De nombreuses accusations de fraude entachent cependant la légitimité du scrutin. Trinité-et-Tobago renoue avec l'instabilité politique et les tensions raciales. L'UNC se déchire et de nouvelles élections sont organisées en décembre 2001. L'UNC de B. Panday et le PNM de P. Manning font jeu égal. Loin de se résoudre, la crise politique se prolonge et s'exacerbe quand le président R. Robinson choisit de façon arbitraire P. Manning pour former le gouvernement. Une issue est trouvée après la tenue d'une nouvelle consultation électorale en octobre 2002. Le PNM s'impose définitivement, en partie grâce aux soupçons de corruption pesant sur Panday – une victoire renouvelée en 2007 avec 46 % des voix et 26 sièges. En février 2003, George Maxwell Richards remplace R. Robinson à la présidence de la République. Le gouvernement de P. Manning doit faire face à une très forte augmentation de la criminalité liée au trafic de stupéfiants : en 2004 un plan national de lutte contre la drogue est adopté pour cinq ans et le pays collabore activement avec ses voisins dans ce domaine, organisant en 2007 une nouvelle réunion sur la coopération UE-Amérique latine-Caraïbes sur les drogues.

En perte de vitesse en raison notamment de nombreux scandales politico-financiers, P. Manning et son parti sont battus aux élections du mois de mai 2010 par le Partenariat du Peuple, alliance de cinq partis d’opposition dont l’UNC, conduite par Kamla Persad-Bissessar– la première femme (d’ascendance indienne tout comme son prédécesseur à la présidence du parti B. Panday) à prendre la tête du gouvernement – qui s’engage à lutter en priorité contre la corruption et la violence mais aussi à surmonter les clivages ethniques. Entre août et décembre 2011, l’état d’urgence doit être instauré dans plusieurs zones touchées par une recrudescence de la criminalité liée au trafic de stupéfiants. Élu par le parlement après accord entre les partis, le nouveau président Anthony Carmona entre en fonctions en mars 2013. Le PNM remporte les élections législatives de 2015 avec 23 sièges contre 18 pour la coalition de Kamla Persad Bissesar : Keith Rowley est nommé Premier ministre.

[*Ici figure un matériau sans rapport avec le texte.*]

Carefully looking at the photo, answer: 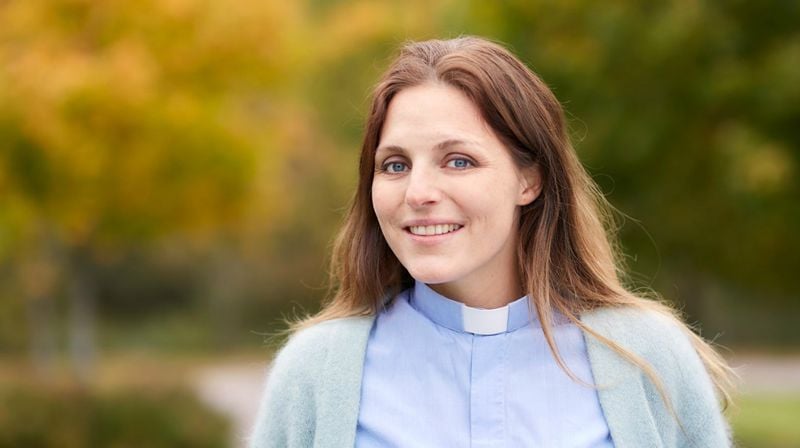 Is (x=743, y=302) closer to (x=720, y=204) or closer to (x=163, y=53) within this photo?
(x=720, y=204)

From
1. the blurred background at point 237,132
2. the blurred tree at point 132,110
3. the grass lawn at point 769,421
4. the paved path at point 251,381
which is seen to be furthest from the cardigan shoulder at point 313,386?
the paved path at point 251,381

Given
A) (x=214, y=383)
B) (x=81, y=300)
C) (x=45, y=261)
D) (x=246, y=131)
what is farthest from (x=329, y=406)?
(x=214, y=383)

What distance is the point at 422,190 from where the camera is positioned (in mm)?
2340

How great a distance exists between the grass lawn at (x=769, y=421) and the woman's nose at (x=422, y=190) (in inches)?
326

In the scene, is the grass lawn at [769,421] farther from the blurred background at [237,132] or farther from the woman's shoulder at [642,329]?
the woman's shoulder at [642,329]

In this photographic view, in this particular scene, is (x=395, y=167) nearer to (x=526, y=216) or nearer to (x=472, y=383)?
(x=526, y=216)

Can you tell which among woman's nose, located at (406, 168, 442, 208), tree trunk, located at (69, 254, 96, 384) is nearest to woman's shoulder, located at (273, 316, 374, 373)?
woman's nose, located at (406, 168, 442, 208)

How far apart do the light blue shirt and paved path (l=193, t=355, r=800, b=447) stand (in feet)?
31.9

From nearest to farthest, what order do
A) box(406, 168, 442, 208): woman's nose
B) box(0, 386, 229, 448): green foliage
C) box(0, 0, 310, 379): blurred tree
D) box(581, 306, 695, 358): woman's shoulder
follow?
box(406, 168, 442, 208): woman's nose
box(581, 306, 695, 358): woman's shoulder
box(0, 0, 310, 379): blurred tree
box(0, 386, 229, 448): green foliage

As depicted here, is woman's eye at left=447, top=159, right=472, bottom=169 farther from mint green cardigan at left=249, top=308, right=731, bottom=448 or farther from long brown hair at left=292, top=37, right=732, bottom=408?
mint green cardigan at left=249, top=308, right=731, bottom=448

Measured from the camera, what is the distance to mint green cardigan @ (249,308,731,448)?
241 cm

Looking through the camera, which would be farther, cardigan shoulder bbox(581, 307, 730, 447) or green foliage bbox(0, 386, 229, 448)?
green foliage bbox(0, 386, 229, 448)

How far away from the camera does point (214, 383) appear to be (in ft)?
58.6

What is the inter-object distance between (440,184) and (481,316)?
34cm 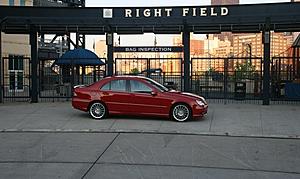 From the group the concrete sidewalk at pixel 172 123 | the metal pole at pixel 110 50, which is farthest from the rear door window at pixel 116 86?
the metal pole at pixel 110 50

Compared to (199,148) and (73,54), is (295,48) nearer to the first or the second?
(73,54)

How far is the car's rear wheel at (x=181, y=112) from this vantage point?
13039mm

Membre de la Communauté (et du marché commun) des Caraïbes (CARICOM) depuis 1973 et de son Marché unique (Caricom Single Market and Economy, CSME) depuis 2006, Trinité-et-Tobago est aussi l'un des États fondateurs, en 1995, de l'Association des États de la Caraïbe (AEC, dont le secrétariat général est à Port of Spain) et abrite depuis 2005 la Cour caribéenne de Justice (CCJ). En avril 2009, Port of Spain accueille Ve sommet des Amériques réunissant les chefs d'État et de gouvernement de 34 pays membres de l'Organisation des États américains (OEA).